Long-term Monitoring of Blasting Vibration for Overlapping Tunnels in Complex Conditions: Case Study of a New Tunnel Above

Abstract Vibration monitoring is key to ensuring adjacent structure safety during drill-and-blast tunneling. Previous research has seldom documented cases where new tunnels overlap above existing ones during blasting operations. To ensure the stability of both surface structures and the underlying existing tunnels during the construction of new overlapping tunnels, this study utilized equivalent load method modeling to predict vibration attenuation patterns. Based on these predictions, a monitoring scheme targeting high-risk vibration points was developed. Long-term vibration monitoring has confirmed the feasibility of this approach. Results show: (1) Simulation indicates that during new tunnel blasting, vibration amplitudes decrease with increasing blast-center distance at monitoring points. At equal blast-center distances, surface vibrations are stronger than those in the underlying tunnel. As excavation advances, anomalous vibration velocity amplification occurs both in surface ground behind the face and in the underground tunnel.

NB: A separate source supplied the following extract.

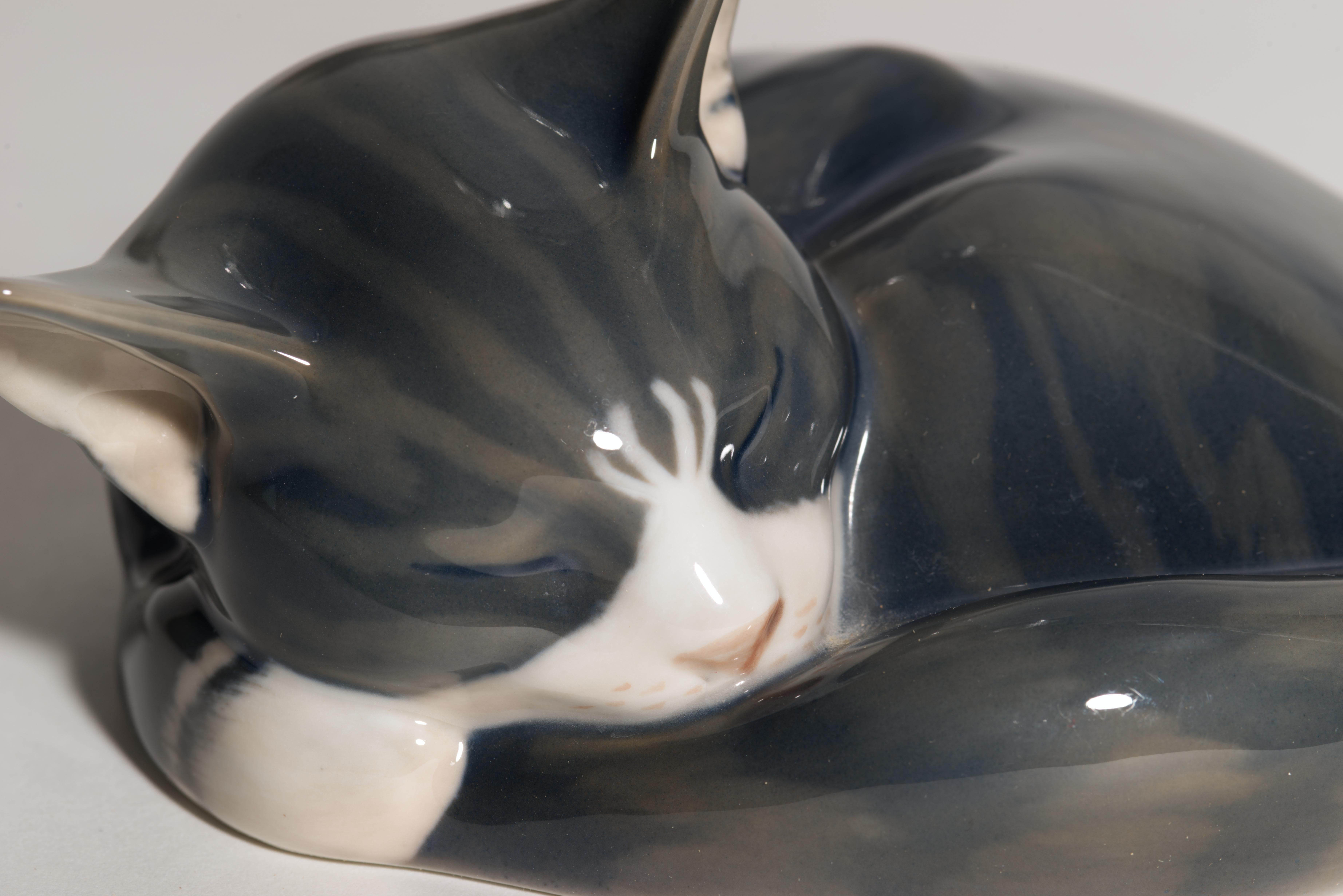 Scandinavo moderno Erik Nielsen per Royal Copenhagen Gatto soriano addormentato in porcellana in vendita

These findings can guide the rational placement of monitoring points. (2) Actual monitoring data confirms vibration velocities comply with limits. Different attenuation curves are recommended for vibrations propagating downward (to subway tunnel) and upward (to surface). Vibration velocities were categorized and fitted according to site and distance characteristics, yielding two sets of site coefficients K and attenuation coefficients α. For the ZDK150-YDK150 monitoring points located underground ahead of the face, K=153.16 and α=1.9; for the Lanjian Hotel monitoring points located at the surface, K=1522.33 and α=2.05. (3) Blasting vibration dominant frequencies primarily range 20–90 Hz, exceeding most civil buildings′ natural frequencies. The frequency tends to decrease from the near-field to the far-field of the blast, with greater near-field fluctuation. The proposed “hazard-point locking at both ends” monitoring layout and the “multiple measurements at a single point” analysis approach can save monitoring costs and provide reference for similar projects.